Shifting Letters II (LC 2381)

Referenced materials and highlights

The following materials were referenced/consulted either directly or indirectly when jotting out the ideas above.

LinkedIn article

The LinkedIn article is nice in some ways and misses the mark in others. Some of the higher-quality excerpts are reproduced below:

  • In many computational scenarios, efficiently updating a range of elements within an array is crucial, especially when dealing with large datasets or performing multiple operations. Traditional approaches, which involve iterating through each element in the range, can be time-consuming and inefficient. However, the combination of difference arrays and cumulative sums provides an optimized method for handling range updates, reducing complexity and improving performance.

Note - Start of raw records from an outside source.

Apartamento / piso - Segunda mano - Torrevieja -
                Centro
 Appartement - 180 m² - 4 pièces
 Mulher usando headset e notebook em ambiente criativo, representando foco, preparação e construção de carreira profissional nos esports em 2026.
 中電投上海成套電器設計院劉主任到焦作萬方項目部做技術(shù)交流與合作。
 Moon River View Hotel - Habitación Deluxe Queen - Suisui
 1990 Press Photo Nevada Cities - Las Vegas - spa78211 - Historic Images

  • Range updates involve modifying a continuous subset of elements within an array. For example, consider an array representing product prices where you need to apply a discount to a specific range of products. Directly updating each element within the range can be inefficient, especially for large arrays or when multiple updates are required.

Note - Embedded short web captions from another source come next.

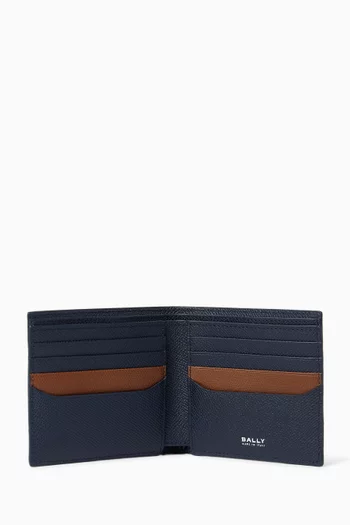 Essential Bifold Wallet in Grained Leather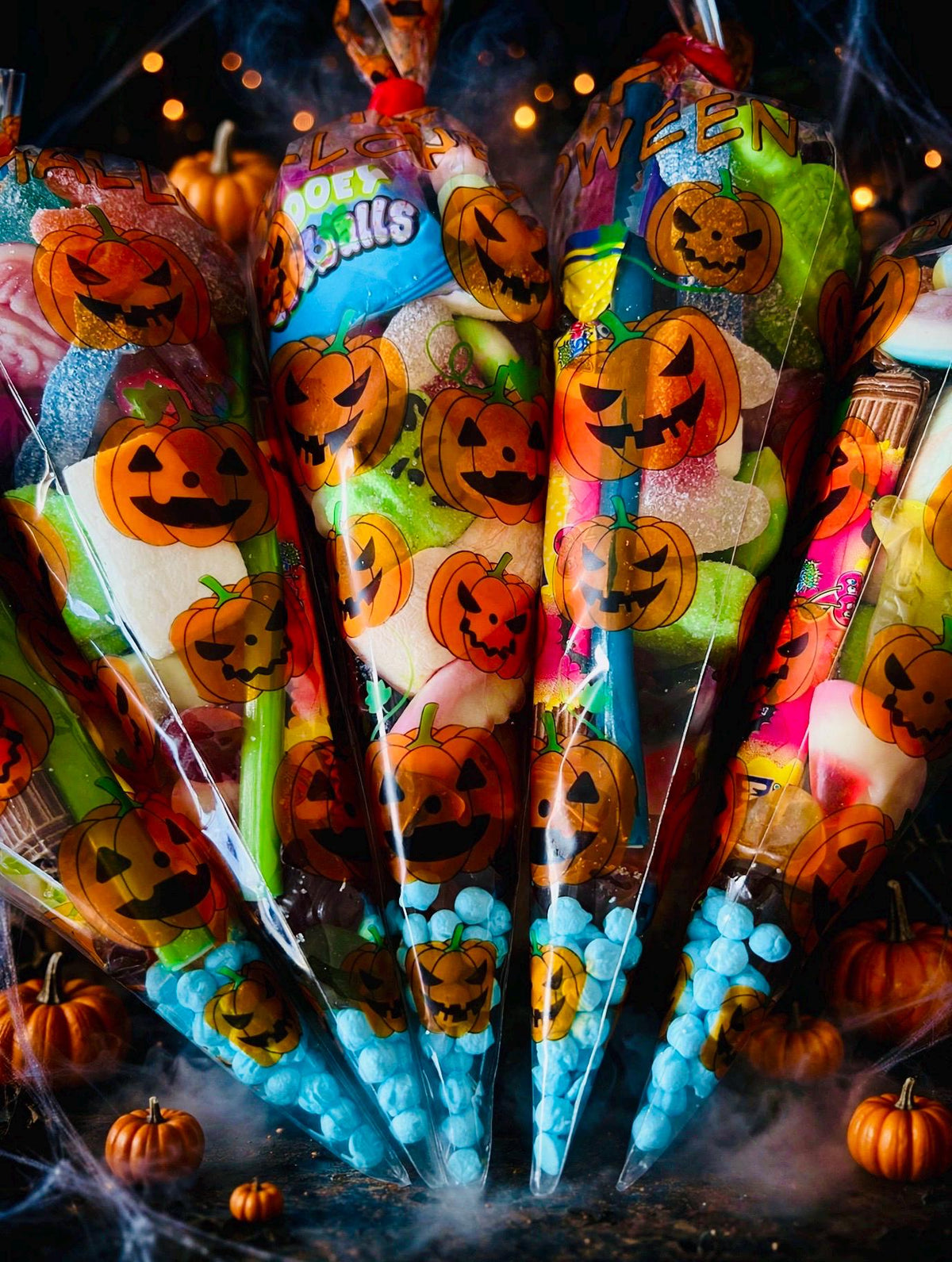 5 x Pick N Mix Halloween Sweet Cones 200g each - Trick or Treat Sweet Mix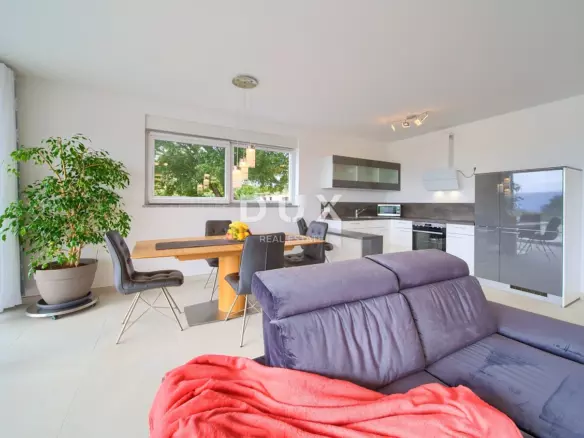 2-bedroom Apartment In Linardići, Croatia (83 M²)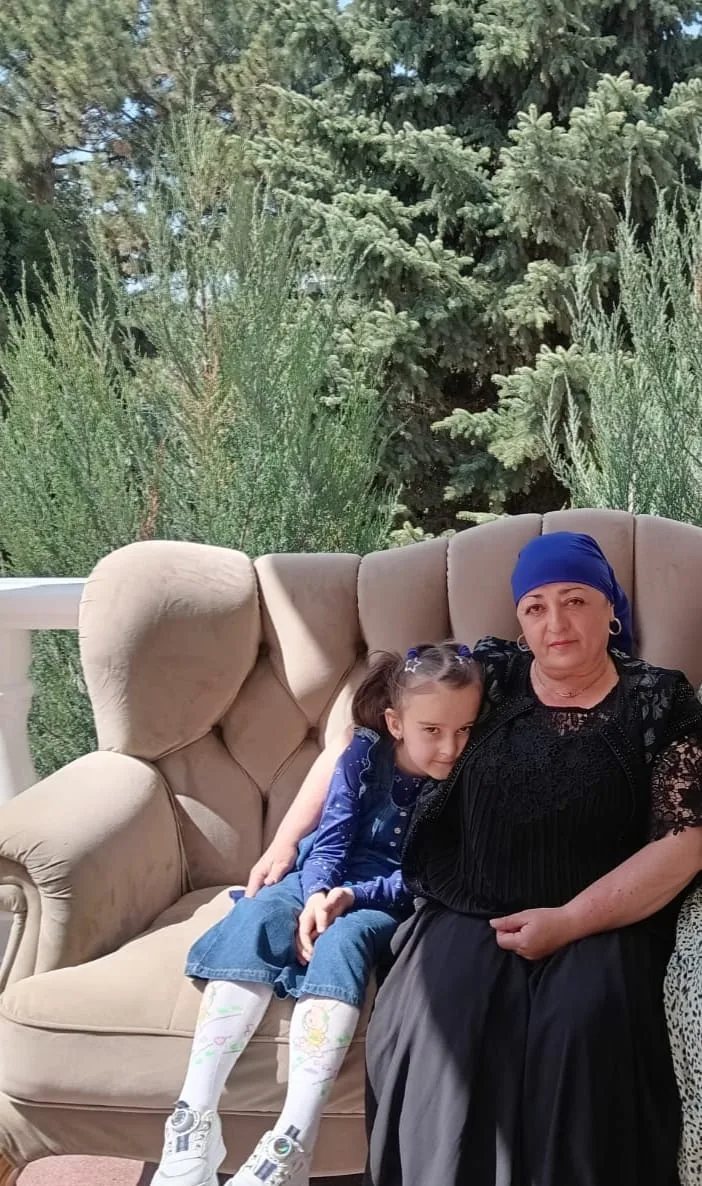 💕 В нашей школе продолжается череда добрых дел. Ученица 4 класса Джаубаева Амина приня...
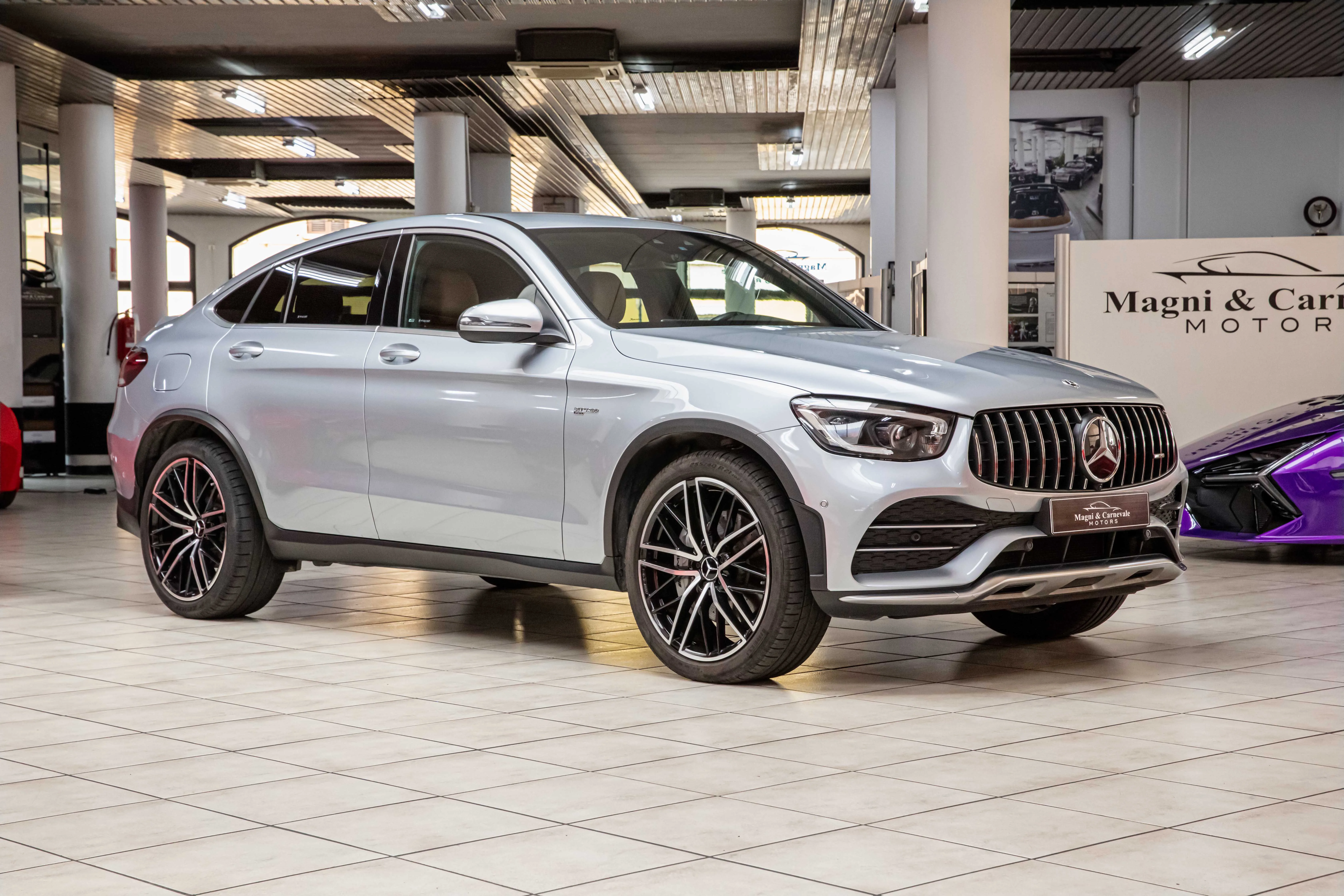 2021 Mercedes-Benz GLC 43 AMG 4MATIC angeboten von einem Fachhändler in Mailand, Italien, Hauptfoto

    The goal of efficient range updates is to perform these modifications with minimal time complexity. Instead of iterating over each element in the range, we can use difference arrays to mark the start and end of the updates, followed by a cumulative sum calculation to apply the changes across the entire array.

    Overlapping updates is what matters most

    This is a major missed mark in this article, and it shows up more insidiously in the "Practical Use Case: Dynamic Pricing in E-Commerce" section. Multiple updates are not a big deal if none of them overlap. You're forced to make the updates. The key idea is to efficiently handle multiple overlapping updates in order to not have to iterate over the same elements multiple times.

  • A difference array is a technique that enables efficient range updates by focusing on the boundaries of the range rather than updating each element individually. The idea is simple: rather than updating every element within the range, you increment the value at the start of the range and decrement the value just after the end of the range. This approach captures the necessary changes and allows the final array values to be computed efficiently using cumulative sums.

    Start of the Range: Increment the value at the starting index to mark the beginning of the update.

    End of the Range: Decrement the value just after the end index to indicate the termination of the update effect.

    Once all range updates are applied to the difference array, a cumulative sum is calculated to reconstruct the original array with all updates applied.

    Overlapping updates are efficiently handled by interleaved boundary updates

    This is the hardest part to understand when first learning about difference arrays. We can effectively account for all necessary changes by only incrementing and decrementing the beginning and end of the range updates, respectively. This makes it possible to efficiently handle numerous potential overlapping range updates.

  • After using the difference array to mark the range updates, the next step is to calculate the cumulative sum. The cumulative sum at each index represents the total effect of all preceding updates up to that point. By iterating through the difference array and accumulating the values, you obtain the final array with all range updates applied efficiently.